[Wittrs] Re: Is Homeostasis caused or purposive?

  • From: "SWM" <SWMirsky@xxxxxxx>
  • To: wittrsamr@xxxxxxxxxxxxx
  • Date: Fri, 12 Feb 2010 02:45:23 -0000

--- In Wittrs@xxxxxxxxxxxxxxx, "BruceD" <blroadies@...> wrote:

<snip>


> SWM: all experience involves the physical both in terms of experiencing
> whatever we are experiencing and in terms of what it takes to have an
> experience at all, i.e., brains and physical events that become sensory
> input via signals passed along the neural pathways, etc.

Bruce: It's the etc, that's our problem. At some point, in your mechanical 
model, the physical becomes experiential. Because you hold to a mechanical 
model you are required to explain this transformation. Do you see why it isn't 
my problem? I see your mechanical account as conceptual. Shifting concepts 
requires justification but no account of transformation.
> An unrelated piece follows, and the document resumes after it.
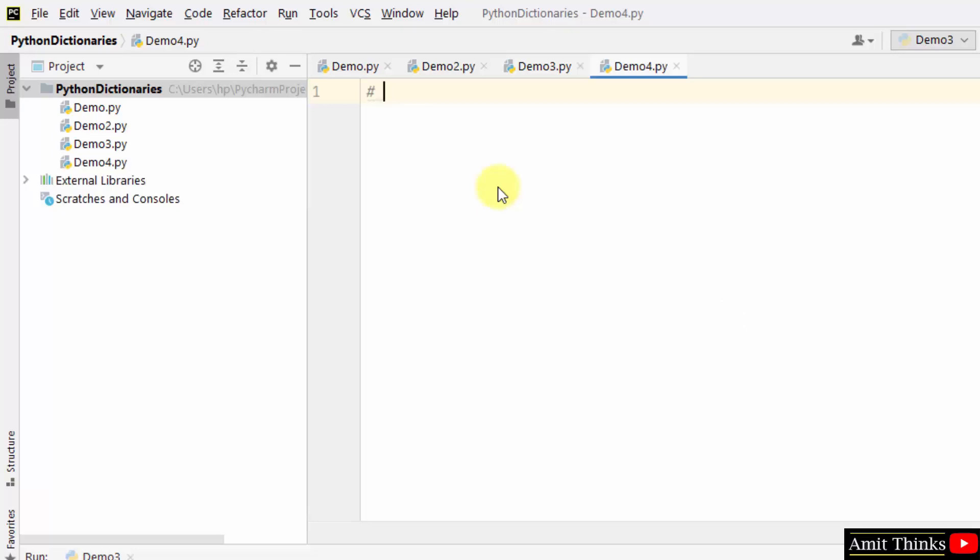Now we will see how to access values in a Python dictionary. To access value, use the key name. Refer the key under square brackets and fetch any corresponding value. So for that, let us first create a dictionary.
SWM Replies: As I have said and been saying for an interminably long time now, 
at the end of the day this is about HOW WE CONCEIVE CONSCIOUSNESS! So yes, it's 
"conceptual". Congratulations! Is it a shift? Well, yes, of course. Dennett 
argues that we can account for all the features we typically associate with 
consciousness in ourselves by thinking of them in a different way, changing the 
paradigm. The argument against him must be to show that his proposed paradigm 
doesn't do what he claims, i.e., fully account for all the features of 
consciousness, that something critical has been left out. You want to say I or 
he have left out the transformation of a physical phenomenon to a mental one. 
Fair enough. But then you miss the point because we haven't left it out if one 
accepts the paradigm shift. So you can't argue against the shift by saying it 
isn't the same as the pre-shift paradigm. Well, of course it isn't. THAT'S JUST 
THE POINT!


> > I suggest you have another look at Dehaene
>
> A global neural workplace is a way of metaphorizing the brain in
> mentalistic terms that gives some the impression that he has discovered
> the transformation of brain into mind when all he has is a correlation.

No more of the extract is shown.